Boxcarrs: I have an accounting background but do not consider myself the stereotypical beancounter. Your past posts sound like you are an adult, serious investor who is not a day trader. That makes you a rare commodity for these boards.
After many years of ups and downs in the stock market, I decided to try to invest in successful companies run by people who wouldn't try to skin their stockholders.
To me, the most important financial statement for determining those things is the balance sheet. If you click on the BALANCE SHEET caption at the lower left margin of the Yahoo quote page the screen will then show comparative balance sheets for that company.
Next, look at the bottom of the statement at the stockholder equity section: (in millions) FLXS Common stock $6,494 Retained earnings 92,552 Capital surplus 2,111 Other 454 ---- Total $101,602
What this means is that of Flexsteel's total accounting stockholders equity of $101,602,000, about $9,000,000 was put into the company and the other $92,500,000 was the result of profits retained in the business. This does not include any of the millions of dollars in dividends paid out to sharehlders over the years. In my mind, this is the sign of a successful company. You start with nine million, pay many millions in dividends and still end up with stockholders equity of $101,000,000.

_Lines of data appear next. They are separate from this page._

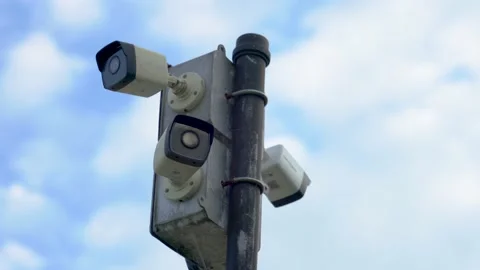 Security Cameras on a Pole with Clouds in the Background (pan shots) Stock Footage 238376063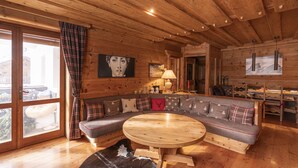 A cozy cabin interior with a wooden ceiling, a large window with curtains, a sofa with plaid cushions, a round wooden table, and a painting on the wall. - Casa Merisanda, comfortable and surrounded by Natur (Cortina d´Ampezzo)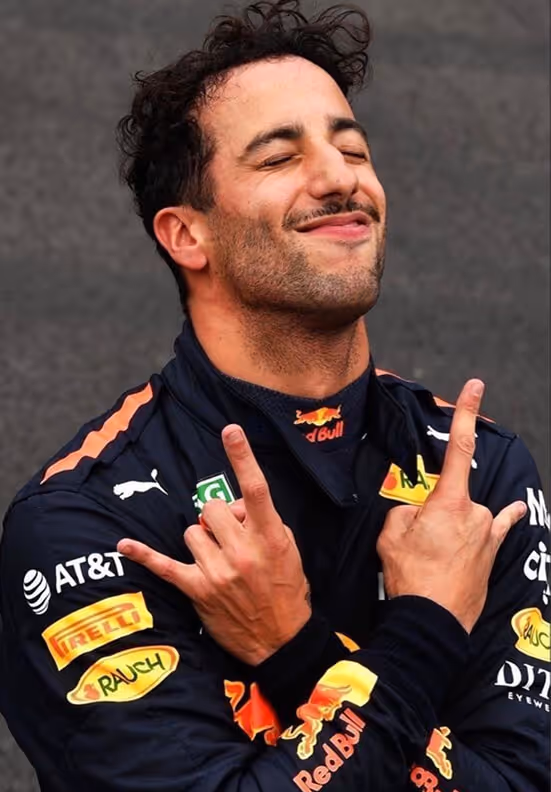 Man in a Red Bull racing suit smiling with eyes closed and making a hand gesture crossing his arms.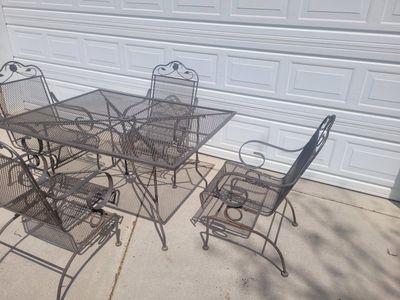 wrought iron patio table and 4 rocking chairs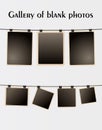 Blank photos hanging on a wire rope and clothesline with metallic clip. Art gallery of retro photo frames in different Royalty Free Stock Photo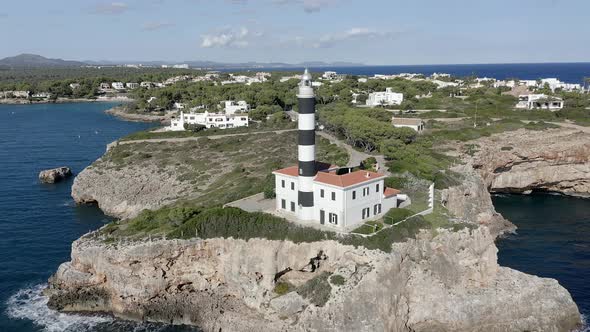 Portocolom lighthouse on rocky cliff at the sea, Mallorca, Spain alt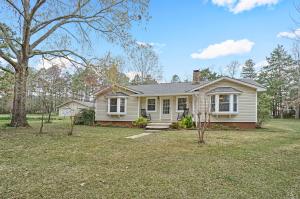 If you have been searching for a home in the Mill Creek area this may be it. The house has new paint and flooring throughout. There is a 30x30 shop, two other storage buildings and a little over five fenced acres. This home also boasts a 5000 dollar security system with several cameras located on the property. All this a little over 10 minutes from town on Bailey Loop.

There can be many major adjustments to stockholders equity that would distort the stockholders equity section of a balance sheet if you didn't do further research, such as stock buybacks, stock dividends etc.
In addition, it doesn't say anything about the future and changes in the economy, management changes, imports from China etc.
If you are interested, you could look at the balance sheets of some of the good companies I have had success with. They are FLXS, IAL, NPK, ITIC, SCX, RYAN, and BRKA.
Then just for fun you could look at the stockholders equity section of the balance sheets of JDSU, TWX, CVC, CHTR, CKR, NTN, MYR etc. (Retained deficits-losses)
I should point out that I am not recommending any of these stocks now, because I think prices are to high and in some cases the world may have changed. However I did use this method to find good stocks during the internet boom years. I owned most of the good stocks during the boom years and they didn't do anything. They did save me from losing any money on dot com stocks. When the internet insanity ended, these stocks all did very well and so did I.
I hope this is of some interest to you even if it is long winded or if you don't understand it all. I feel like I need to vent a little. I have lost my great penpal (you know who).